“Don’t continue doing things the way we’re doing them at present, each of us doing as we wish. Until now you haven’t arrived at the goal, the resting place, the inheritance that God, your God, is giving you. But the minute you cross the Jordan River and settle into the land God, your God, is enabling you to inherit, he’ll give you rest from all your surrounding enemies. You’ll be able to settle down and live in safety.” Deuteronomy 12:9-10 (MSG)
Many times in ministry, or within our organizations, we find ourselves gifted with a sabbatical. This is defined as an extended time of leave in order to replenish, rest and renew our souls allowing space for God to reveal the vision he may have for us around the work to be done within our call. Often times organizations offer this gift with little guidance and because of that we see sabbaticals ranging from family vacations to study intensives, and even creation of many new ministries birthed from the ideas born in what was intended to be rest for your soul. These are not bad things, they are life giving and good, but we want to look at ways we can support rest, restoration, and spiritual connection during this sacred time. The sabbatical is one of our best defenses against burnout. How does a Sabbatical help you care for your soul?

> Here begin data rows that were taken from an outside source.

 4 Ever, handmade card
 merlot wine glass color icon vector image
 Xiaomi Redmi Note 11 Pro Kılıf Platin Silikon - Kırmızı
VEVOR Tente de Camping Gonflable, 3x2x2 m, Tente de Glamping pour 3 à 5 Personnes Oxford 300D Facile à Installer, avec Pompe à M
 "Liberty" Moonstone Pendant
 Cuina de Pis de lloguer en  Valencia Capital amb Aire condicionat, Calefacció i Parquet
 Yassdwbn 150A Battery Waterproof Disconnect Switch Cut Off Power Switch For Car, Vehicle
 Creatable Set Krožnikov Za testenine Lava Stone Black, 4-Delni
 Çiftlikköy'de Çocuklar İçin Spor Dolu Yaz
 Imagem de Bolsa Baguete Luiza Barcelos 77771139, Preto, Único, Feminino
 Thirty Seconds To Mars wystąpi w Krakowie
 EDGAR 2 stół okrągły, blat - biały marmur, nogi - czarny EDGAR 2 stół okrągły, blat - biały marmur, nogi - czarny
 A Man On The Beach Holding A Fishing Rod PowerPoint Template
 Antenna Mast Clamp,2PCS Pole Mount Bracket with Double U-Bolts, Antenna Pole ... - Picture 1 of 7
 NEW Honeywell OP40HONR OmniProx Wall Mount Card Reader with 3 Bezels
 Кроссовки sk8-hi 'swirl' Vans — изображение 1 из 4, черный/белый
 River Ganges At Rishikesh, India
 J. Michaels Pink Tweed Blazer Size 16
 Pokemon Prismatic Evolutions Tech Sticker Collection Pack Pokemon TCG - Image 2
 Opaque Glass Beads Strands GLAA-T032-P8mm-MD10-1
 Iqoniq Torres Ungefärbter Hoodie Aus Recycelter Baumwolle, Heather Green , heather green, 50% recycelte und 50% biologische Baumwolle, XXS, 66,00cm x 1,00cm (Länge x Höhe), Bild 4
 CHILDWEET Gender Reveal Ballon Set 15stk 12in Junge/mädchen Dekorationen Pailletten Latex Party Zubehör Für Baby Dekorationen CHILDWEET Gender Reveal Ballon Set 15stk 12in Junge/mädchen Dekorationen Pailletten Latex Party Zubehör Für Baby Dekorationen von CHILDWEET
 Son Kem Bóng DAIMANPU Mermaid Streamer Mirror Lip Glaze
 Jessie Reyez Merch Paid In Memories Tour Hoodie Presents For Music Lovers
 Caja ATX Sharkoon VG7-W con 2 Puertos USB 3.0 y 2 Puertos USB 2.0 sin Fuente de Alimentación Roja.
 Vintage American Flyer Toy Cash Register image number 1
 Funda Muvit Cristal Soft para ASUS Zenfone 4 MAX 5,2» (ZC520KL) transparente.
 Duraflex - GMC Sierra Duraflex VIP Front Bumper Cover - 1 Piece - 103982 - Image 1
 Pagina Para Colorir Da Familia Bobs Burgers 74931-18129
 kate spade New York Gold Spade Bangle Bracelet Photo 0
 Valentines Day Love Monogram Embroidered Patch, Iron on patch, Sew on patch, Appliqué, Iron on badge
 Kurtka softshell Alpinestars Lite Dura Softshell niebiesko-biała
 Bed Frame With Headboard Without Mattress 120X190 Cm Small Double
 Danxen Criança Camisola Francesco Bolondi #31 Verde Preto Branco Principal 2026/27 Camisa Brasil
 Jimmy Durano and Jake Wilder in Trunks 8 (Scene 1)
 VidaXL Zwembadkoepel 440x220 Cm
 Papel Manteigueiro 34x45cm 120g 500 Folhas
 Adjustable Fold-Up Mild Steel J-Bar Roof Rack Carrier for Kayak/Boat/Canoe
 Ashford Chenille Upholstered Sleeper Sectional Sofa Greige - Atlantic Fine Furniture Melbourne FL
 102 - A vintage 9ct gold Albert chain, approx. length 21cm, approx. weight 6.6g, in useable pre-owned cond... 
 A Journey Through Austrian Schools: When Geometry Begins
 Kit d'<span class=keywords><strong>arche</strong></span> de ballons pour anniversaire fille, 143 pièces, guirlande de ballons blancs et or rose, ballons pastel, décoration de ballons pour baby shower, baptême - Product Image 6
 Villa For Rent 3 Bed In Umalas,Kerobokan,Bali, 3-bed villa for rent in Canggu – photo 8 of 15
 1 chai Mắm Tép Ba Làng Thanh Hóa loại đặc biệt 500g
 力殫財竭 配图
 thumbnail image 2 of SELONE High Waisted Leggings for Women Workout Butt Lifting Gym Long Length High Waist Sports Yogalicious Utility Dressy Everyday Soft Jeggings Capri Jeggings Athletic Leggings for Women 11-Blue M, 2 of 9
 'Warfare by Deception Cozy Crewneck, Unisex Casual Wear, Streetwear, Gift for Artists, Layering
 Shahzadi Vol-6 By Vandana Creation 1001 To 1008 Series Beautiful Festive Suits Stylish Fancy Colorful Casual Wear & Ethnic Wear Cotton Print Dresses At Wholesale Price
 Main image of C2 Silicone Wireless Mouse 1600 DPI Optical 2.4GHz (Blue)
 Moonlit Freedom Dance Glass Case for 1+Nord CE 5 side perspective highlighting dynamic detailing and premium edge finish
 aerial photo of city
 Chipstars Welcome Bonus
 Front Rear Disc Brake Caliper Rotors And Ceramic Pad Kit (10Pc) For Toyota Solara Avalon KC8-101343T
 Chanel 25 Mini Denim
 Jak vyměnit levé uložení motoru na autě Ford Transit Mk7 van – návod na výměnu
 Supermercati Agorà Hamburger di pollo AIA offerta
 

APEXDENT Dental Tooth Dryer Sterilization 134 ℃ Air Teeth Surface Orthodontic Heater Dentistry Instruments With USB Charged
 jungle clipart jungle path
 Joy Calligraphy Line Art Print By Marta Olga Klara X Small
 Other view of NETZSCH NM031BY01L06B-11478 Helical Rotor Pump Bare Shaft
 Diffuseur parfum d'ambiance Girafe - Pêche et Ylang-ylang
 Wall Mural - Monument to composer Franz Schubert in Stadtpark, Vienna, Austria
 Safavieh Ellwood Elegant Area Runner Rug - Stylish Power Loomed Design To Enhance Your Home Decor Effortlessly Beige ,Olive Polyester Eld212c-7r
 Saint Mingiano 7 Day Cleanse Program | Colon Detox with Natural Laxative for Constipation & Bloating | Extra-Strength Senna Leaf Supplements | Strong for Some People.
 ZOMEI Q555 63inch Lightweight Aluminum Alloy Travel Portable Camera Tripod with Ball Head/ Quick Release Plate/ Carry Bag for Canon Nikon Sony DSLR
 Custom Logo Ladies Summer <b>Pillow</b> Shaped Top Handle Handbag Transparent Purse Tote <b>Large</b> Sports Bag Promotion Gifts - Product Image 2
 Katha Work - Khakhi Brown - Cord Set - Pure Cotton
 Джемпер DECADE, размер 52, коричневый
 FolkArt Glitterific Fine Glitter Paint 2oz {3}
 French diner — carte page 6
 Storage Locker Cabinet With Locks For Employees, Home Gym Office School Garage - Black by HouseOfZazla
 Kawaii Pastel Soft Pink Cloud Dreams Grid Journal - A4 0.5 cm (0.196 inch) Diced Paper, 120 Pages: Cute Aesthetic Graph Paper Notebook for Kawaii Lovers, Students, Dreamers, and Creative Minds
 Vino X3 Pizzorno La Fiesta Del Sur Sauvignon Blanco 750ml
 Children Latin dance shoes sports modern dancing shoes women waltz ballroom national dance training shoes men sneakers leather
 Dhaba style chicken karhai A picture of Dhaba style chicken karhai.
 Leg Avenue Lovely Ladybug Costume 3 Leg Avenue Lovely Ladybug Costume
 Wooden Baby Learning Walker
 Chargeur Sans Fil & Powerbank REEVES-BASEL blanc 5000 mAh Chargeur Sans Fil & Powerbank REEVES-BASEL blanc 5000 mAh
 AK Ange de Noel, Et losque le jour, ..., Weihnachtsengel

During times of Sabbatical we can naturally begin to evaluate our identity. Who am I when I am not working, pushing, performing? This question alone can be enough to cause us to want to create busyness in order to distract ourselves. We are reminded in the passage from Deuteronomy above that we were once slaves who have been set free. Do we know that? Do we live that truth? Sabbatical offers us the chance to contemplate what we have become enslaved to and what we’ve forgotten about ourselves--about our identity in Christ. This is the work that leads to transformation, it’s where our longings meet our experience. Support from a spiritual director during this season can give you the courage to allow this process to unfold.
Are you considering taking a sabbatical from your current work and ministry? Would you love to, but don’t have the option right now? If so, what might a sabbath rhythm look like in your week to week life? Consider these questions and the support of a spiritual director as you explore them:
What were you made for? What gets in the way of this?
What would be deeply refreshing and renewing? How can you make room for that this season?
How are you nurturing your true self, the self who lives in delight with God?
Jesus, thank you for the many examples you give us for rest and engagement. Help us to listen to the voice of the Holy Spirit as we reflect on what it might be like to retreat for a season with you. If we need months, help us find weeks; if we need weeks, help us find days; if we need days, help us find moments. Bless us and keep us, amen.